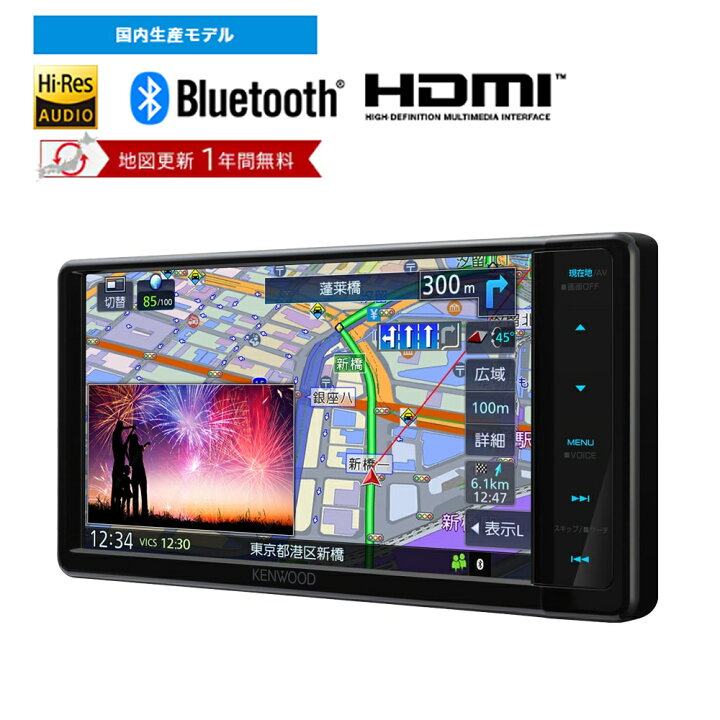 楽天市場】ケンウッド 彩速ナビ MDR-L612W 7V型/200mmワイドモデル 
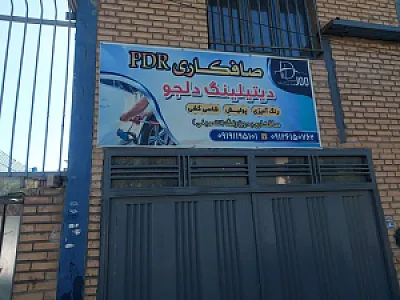 مجموعه خدمات خودرویی دلجو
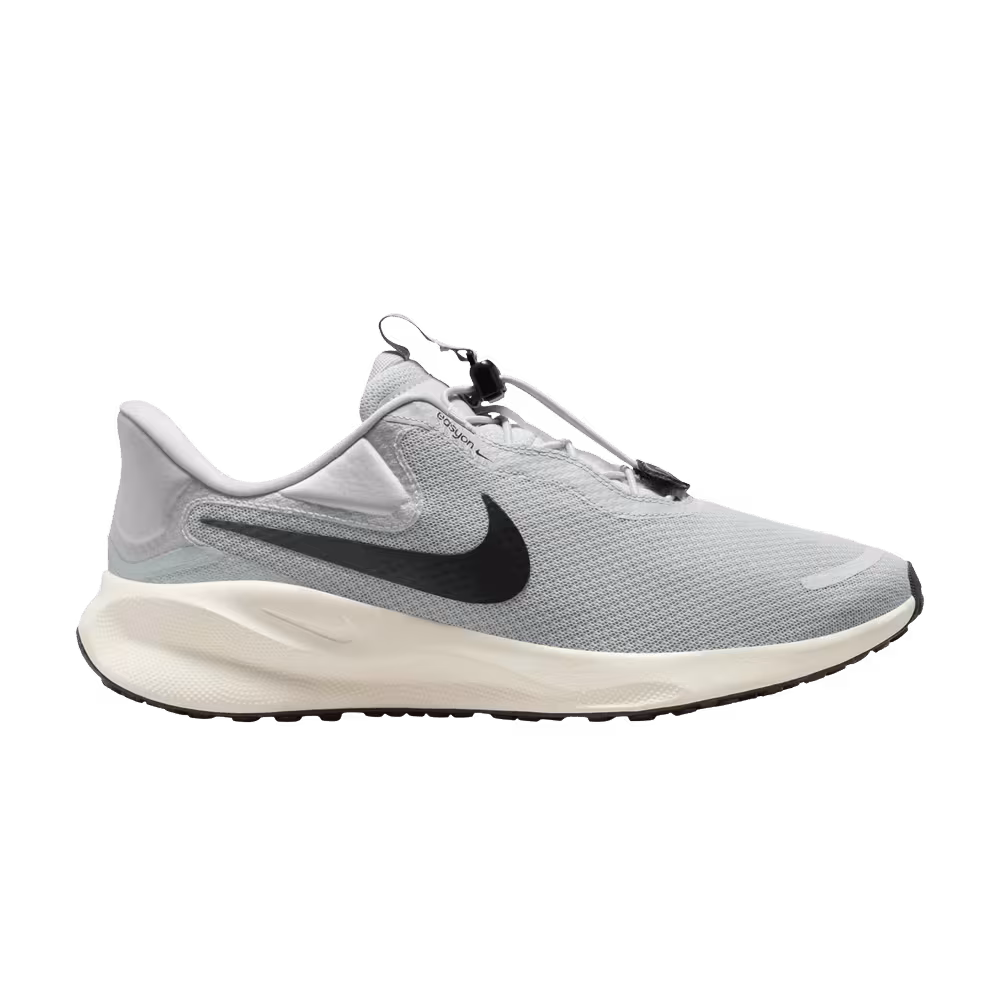 Nike Revolution 7 EasyOn Light Silver
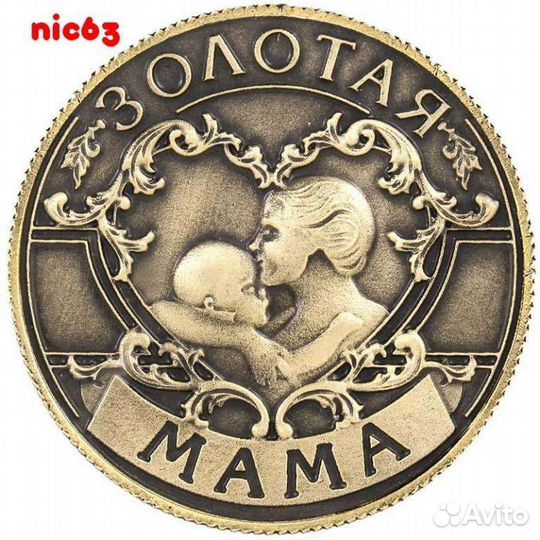 Сувенир Монета Золотая Мама, на удачу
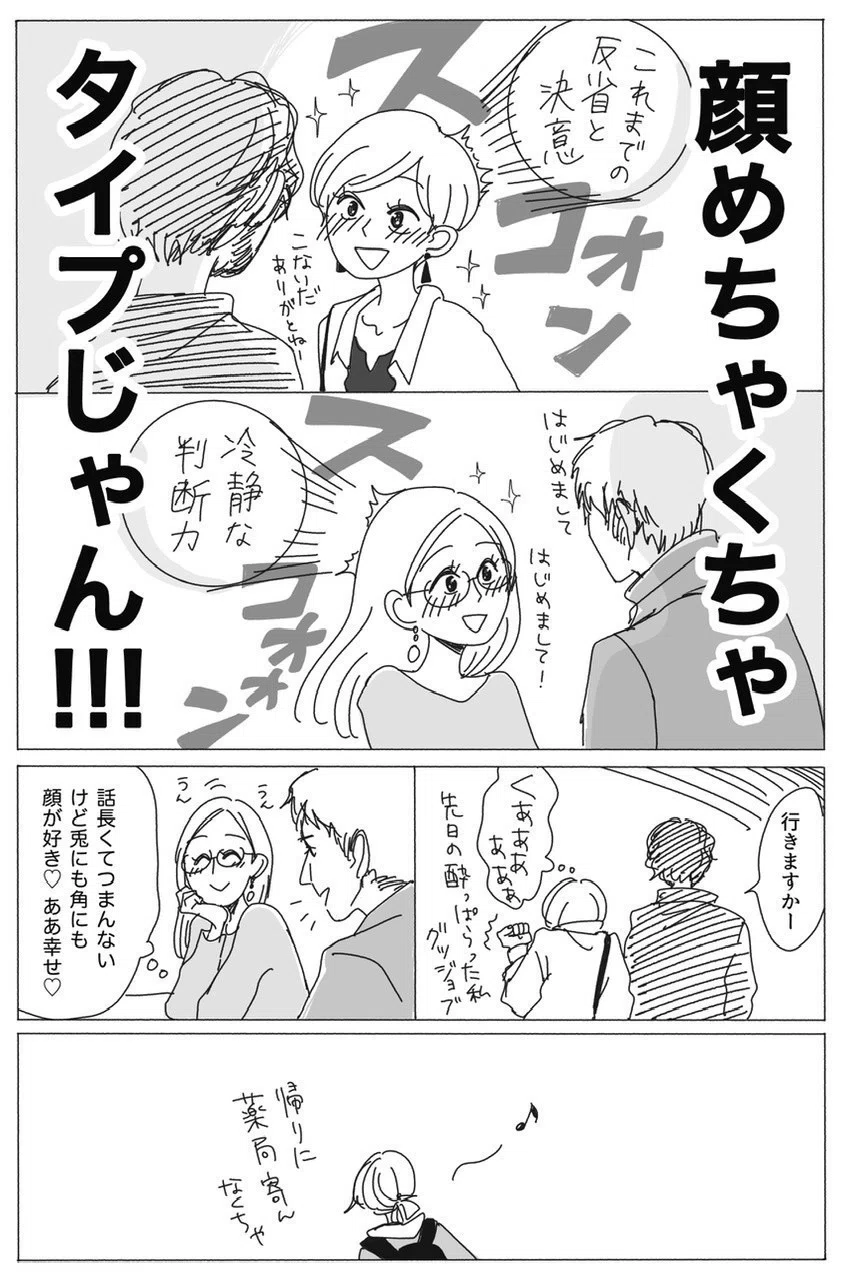 画像8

What you need to do - Every entry must be retyped exactly, with the pictures removed.

Result below -
 楽天市場】ケンウッド 彩速ナビ MDR-L612W 7V型/200mmワイドモデル 
 مجموعه خدمات خودرویی دلجو
 Nike Revolution 7 EasyOn Light Silver
 Сувенир Монета Золотая Мама, на удачу
 画像8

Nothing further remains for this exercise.